# Exercise details
Which lines of the entries below run from the one holding "Nick Gravenites And" to the one holding "YouTube Videos Not", inclusive? Set down exactly those lines and no others.

# Data to process

:::::

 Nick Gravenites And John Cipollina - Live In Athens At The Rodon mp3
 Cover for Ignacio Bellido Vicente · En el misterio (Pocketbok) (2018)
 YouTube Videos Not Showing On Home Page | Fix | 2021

:::::

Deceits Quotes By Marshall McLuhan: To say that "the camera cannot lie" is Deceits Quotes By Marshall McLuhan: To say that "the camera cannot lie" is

:::::

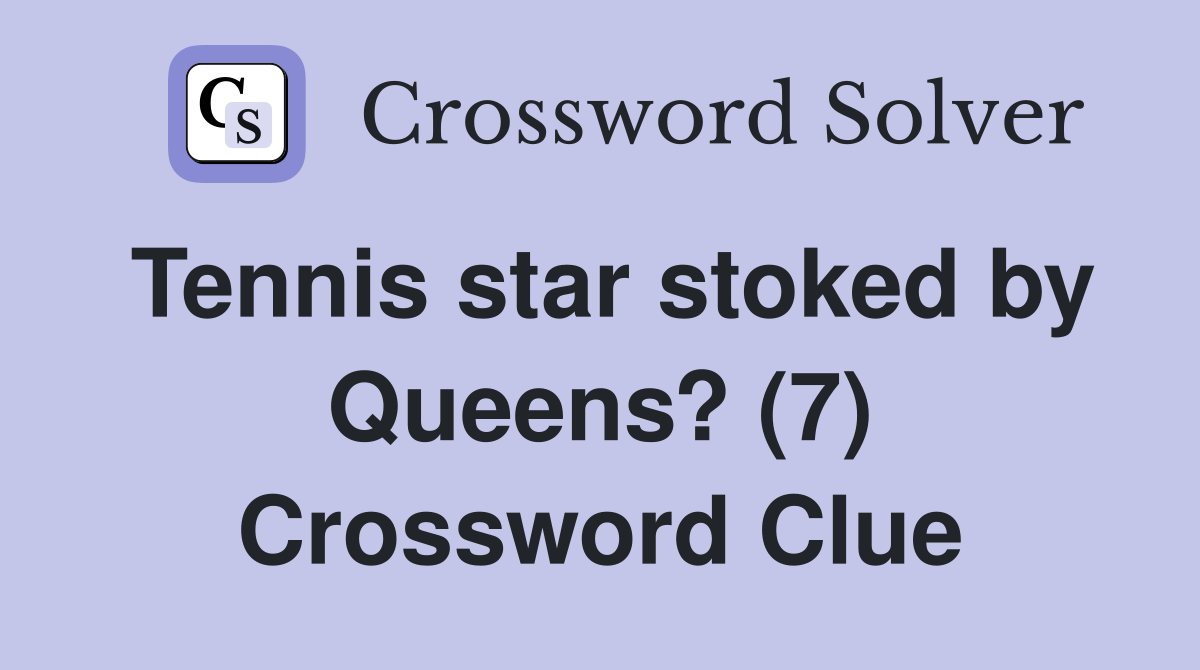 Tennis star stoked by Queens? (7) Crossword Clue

:::::

# Result for this task
 Nick Gravenites And John Cipollina - Live In Athens At The Rodon mp3
 Cover for Ignacio Bellido Vicente · En el misterio (Pocketbok) (2018)
 YouTube Videos Not Showing On Home Page | Fix | 2021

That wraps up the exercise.